**Diophantine equation**: Any linear equation in two variables having integral coefficient can be put in the form

ax + by = c ——————————–(i)

where a, b, c are given integers. We consider the problem of identifying all solutions of two equation in which x and y are integers. If a = b = c = 0 then every pair (x, y) of integers is a solution of (i), where if a = b = 0.

**Condition for solvability**: The Diophantine equation ax + by + c admits a solution if and only if d\c, where d = gcd(a, b). We know that there are integers r and s for which a = dr and b = ds.
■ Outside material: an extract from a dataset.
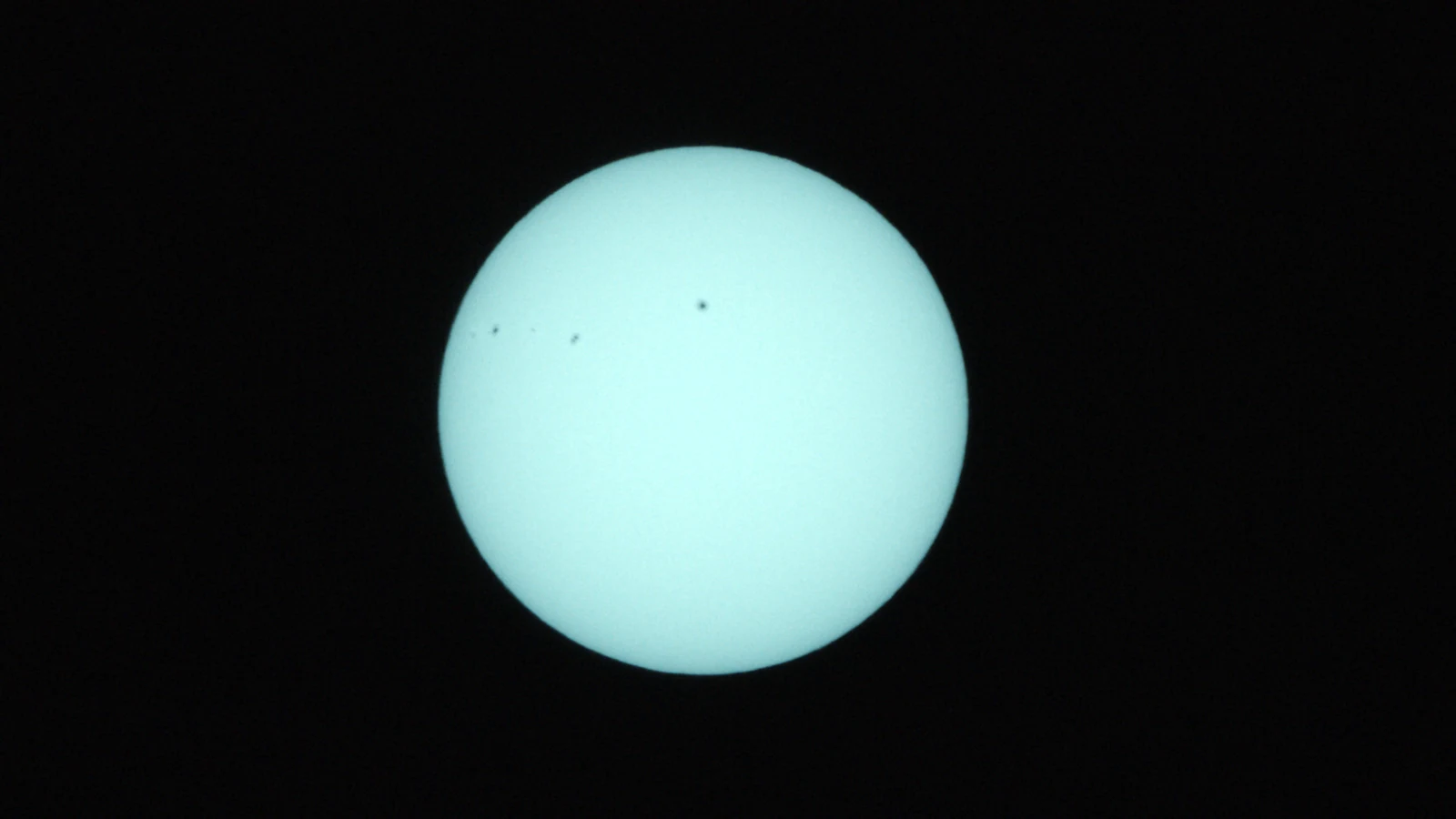 Sun_0.0003125s0_VIS_20260303-112032295_42C.fits FITS Preview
If a solution of ax + by = c exists , so that ax_{0} + by_{o} = c for suitable x_{0} and y_{o}, then

c = ax_{0} + by_{o} = dr x_{0} + ds_{0} = d(rx_{0} + sy_{0}), which simply says that d\c.

Conversely assume that d\c, say c = dt. Since d = gcd(a, b) there exist integers x_{0} and y_{0} satisfying d = ax_{0} + b + by_{o}.
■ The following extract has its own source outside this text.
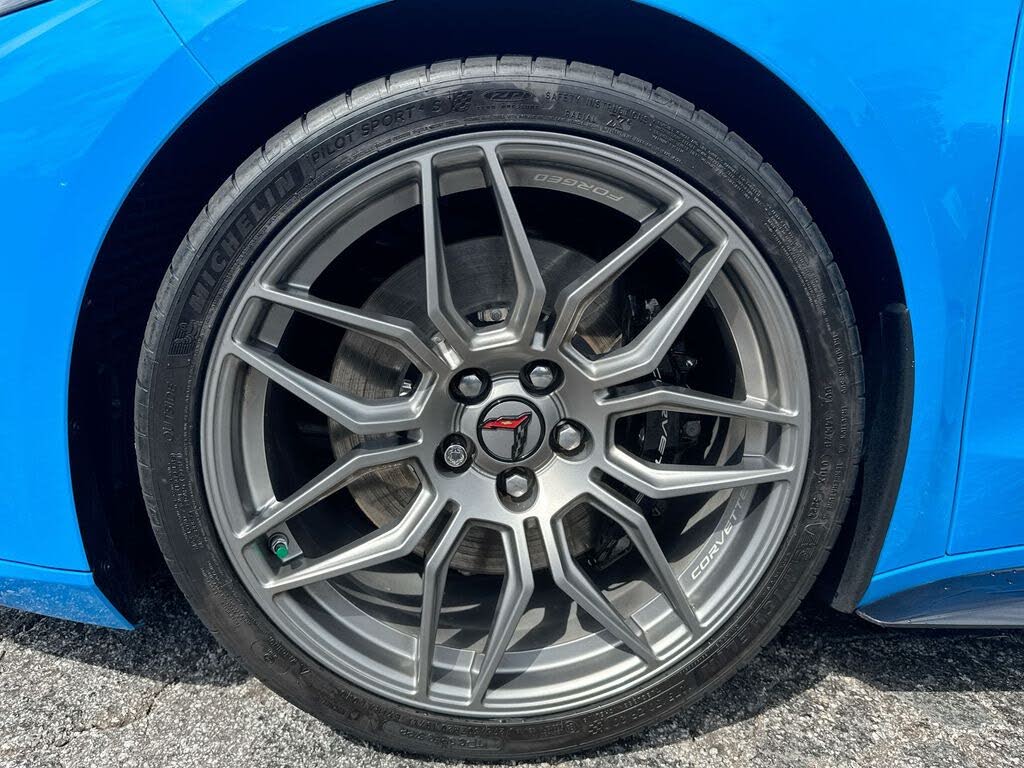 2025 Chevrolet Corvette Z06 1LZ Convertible RWD photo 12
When this relativity is multiplied by t, we get

c = dt = (ax_{0} + by_{0})t = a (tx_{0}) + b(ty_{0})

Hence the Diophantine equation ax + by = c has x = tx_{0} and y = ty_{0} as a particular solution.

**Theorem:** The linear Diophantine equation ax + by = c has a solution if and only if d\c, where d = gcd(a, b). If x_{0}, y_{0} is any particular solution of this equation, then all other solutions are given by

x = x_{0} + (b/d)t

y = y_{0} – (a/d)t

Where t is an arbitrary integer.

**Proof:** To established the second assertion of the theorem, let us suppose that a solution x_{0}, y_{0} of the given equation is known. If xʹ, yʹ is any other solution, then ax_{0} + by_{0} = c = axʹ + byʹ; which is equivalent to

a(xʹ – x_{0}) = b(y_{0} – yʹ)

Since d = gcd(a, b), there exist relatively prime integers r and s such that a = dr, b = ds. Substituting these values into the last written equation and cancelling the common factor d, we find that

r(xʹ – x_{0}) = s(y_{0} – yʹ)

This situation is now this: r\s(y_{0}-yʹ), with gcd(r, s) =1.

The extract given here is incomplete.